Current test collection construction methodologies for Information Retrieval evaluation generally rely on large numbers of document relevance assessments, obtained from experts at great cost. Recently, the use of inexpensive crowd workers has been proposed instead. However, while crowd workers are inexpensive, their assessments are also generally highly inaccurate, rendering their collective assessments far less useful than those obtained from experts in the traditional manner. Our thesis is that instead of using either experts or crowd workers, one can obtain the advantages of both---inexpensive and accurate assessments---by optimally combining them. Another related problem in Information Retrieval evaluation is asking right kind of question to the assessors for the collection relevance judgments. Traditional methods of collecting relevance judgments are based on collecting binary or graded nominal judgments, but such judgments are limited by factors such as inter-assessor disagreement and the arbitrariness of grades. Previous research has shown that it is easier for assessors to make pairwise preference judgments. However, unless the preferences collected are largely transitive, it is not clear how to combine them in order to obtain document relevance scores.

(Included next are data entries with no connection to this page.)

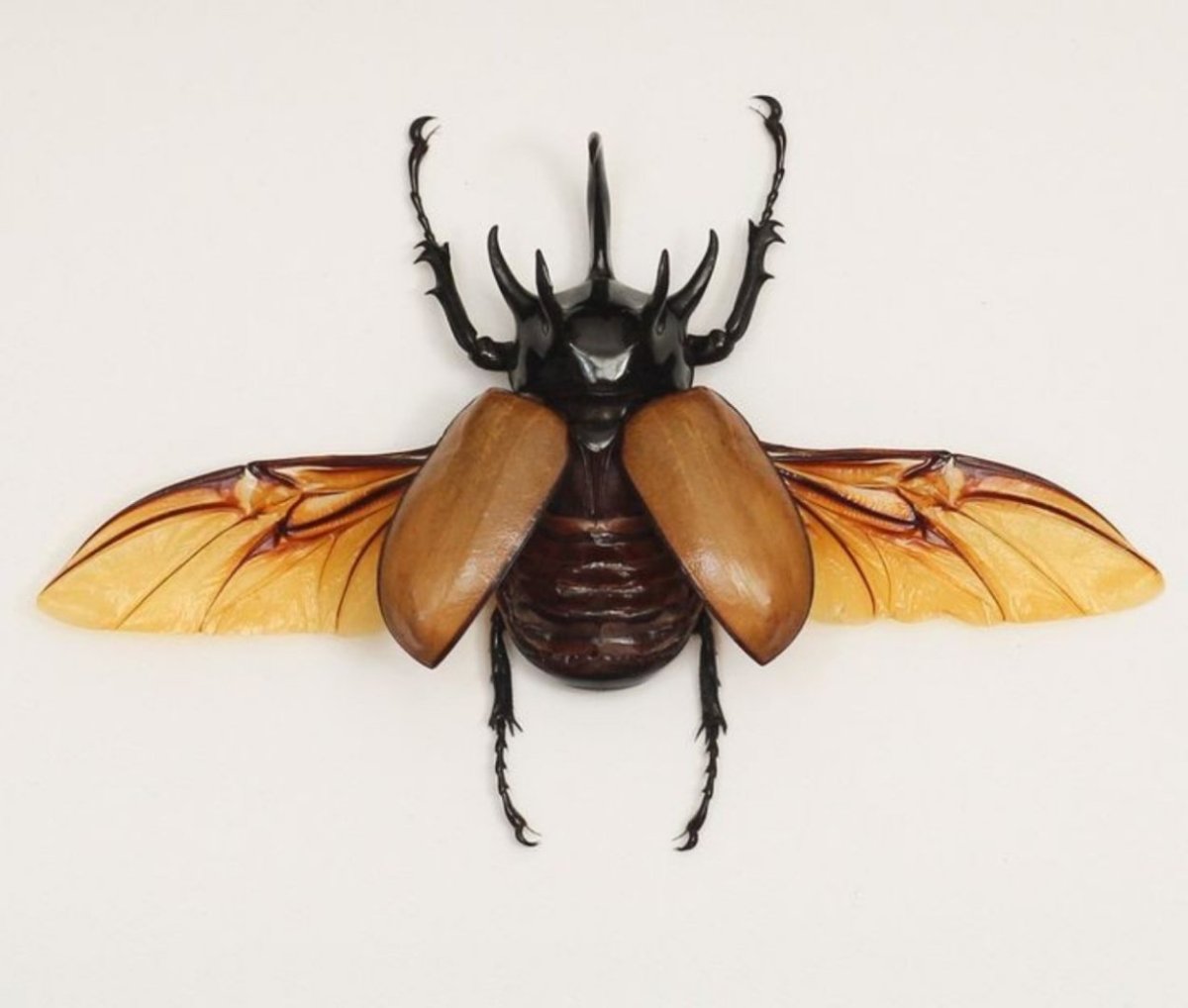 Жуки скарабеи Майский Жук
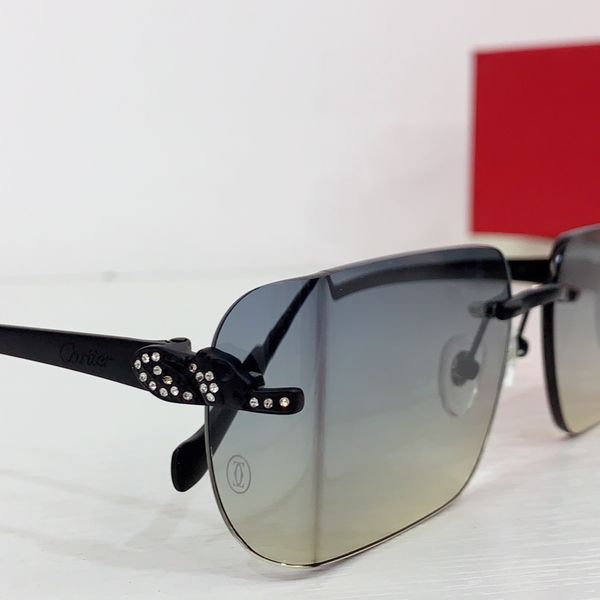 C*artie Glasses Top XX 20240718-79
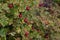 Red berries of Rosa spinosissima. Scottish rose fruits on bush, autumn season
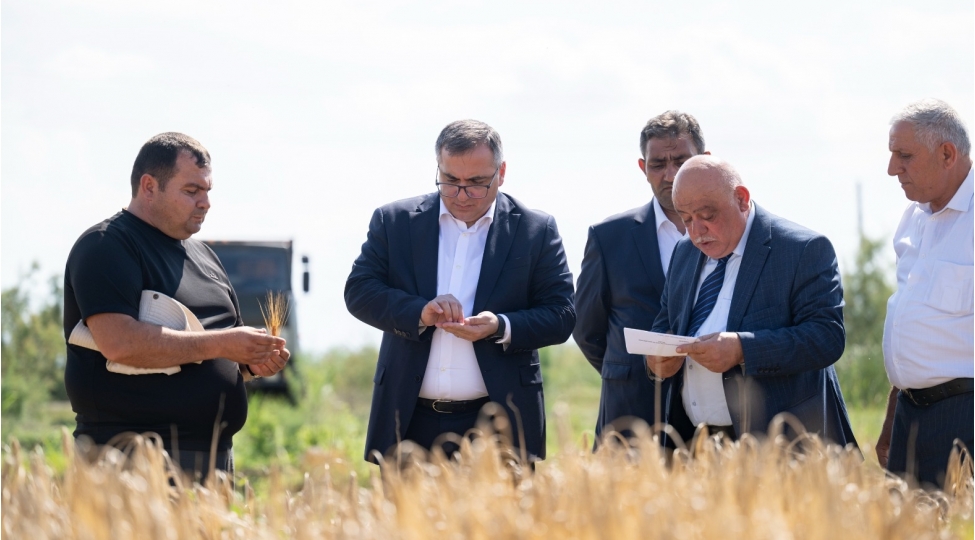 nazir-muavini-zaur-eliyev-agcabedide-taxil-bichini-prosesini-izleyib-fermerlerle-gorushub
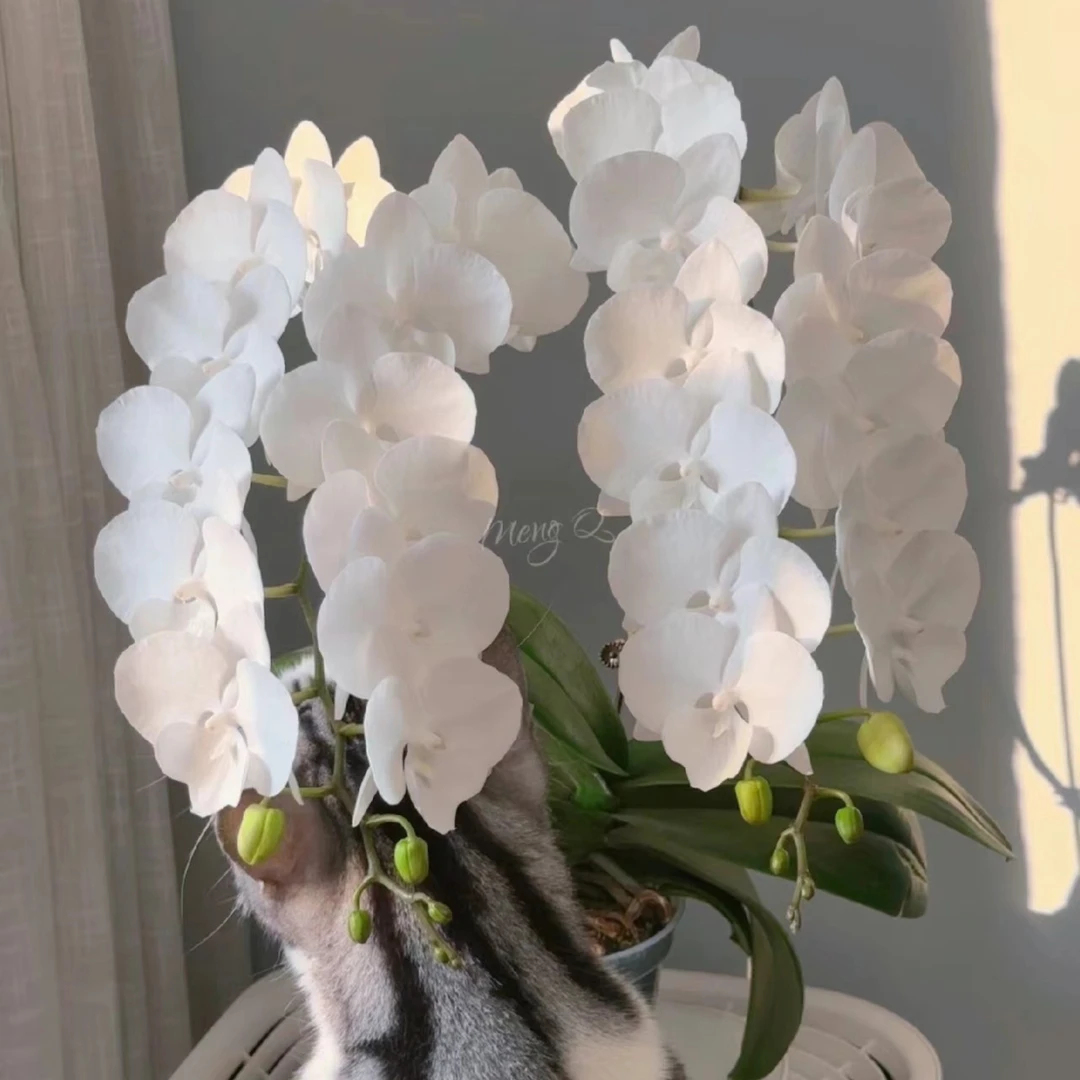 3个花剑 贵族品种  爆花机器【白天鹅】蝴蝶兰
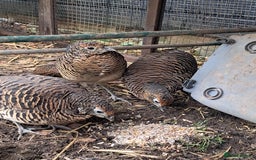Pheasants poultry for sale: lady amherst pheasant  - Image 11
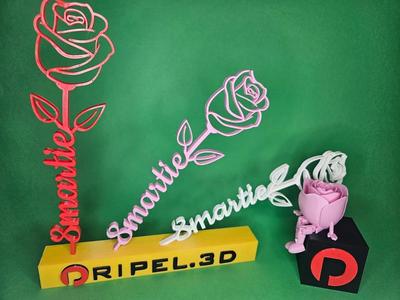 Rose 8th March (RO) 8 Martie   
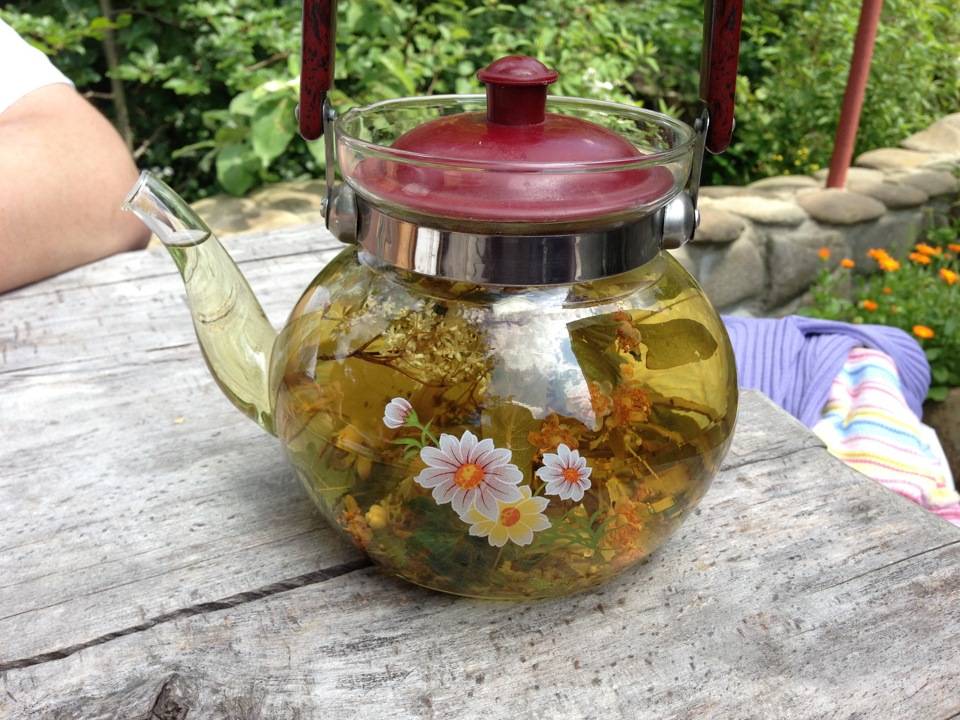 Синий чай из тайланда (анчан):  полезные свойства для мужчин и женщин, противопоказания к употреблению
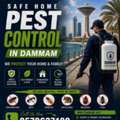 Professional Pest Control Experts In Dammam
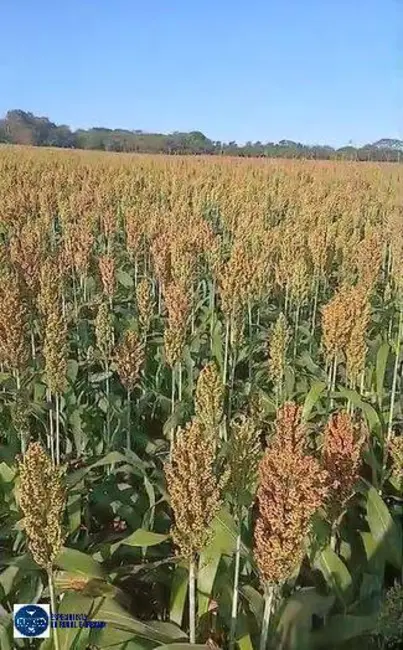Fazenda / Haras com 3 quartos à venda, 60m2 em Rio Verde - GO - imagem 4 Foto 4 de Fazenda / Haras com 3 quartos à venda, 60m2 em Rio Verde - GO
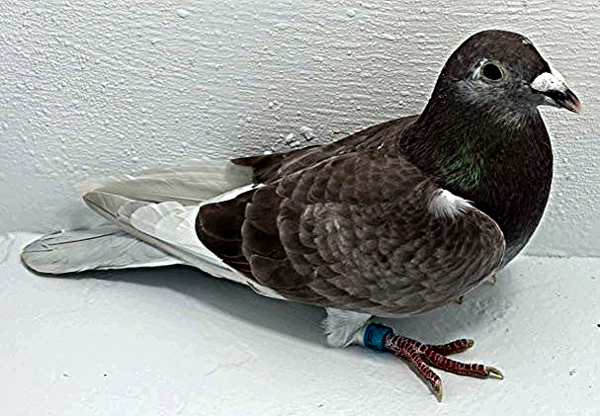 Band: AU 41462 AA 2025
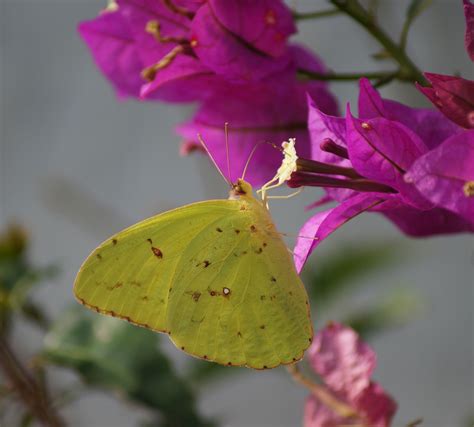 Sulphur clouded butterfly | Sulphur, Clouds, Photography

Another difficulty is that the number of pairs that need to be assessed is quadratic in the number of documents. We show how to combine a linear number of pairwise preference judgments from multiple assessors to compute relevance scores for every document. We propose a general Bayesian framework for leveraging disparate categories of workers on the cost-accuracy scale, asking the right worker the right kind of question at the right time in order to obtain accurate assessments most cost-effectively for test collection construction. Experiments with Mechanical Turks and expert assessors show promising results for our framework.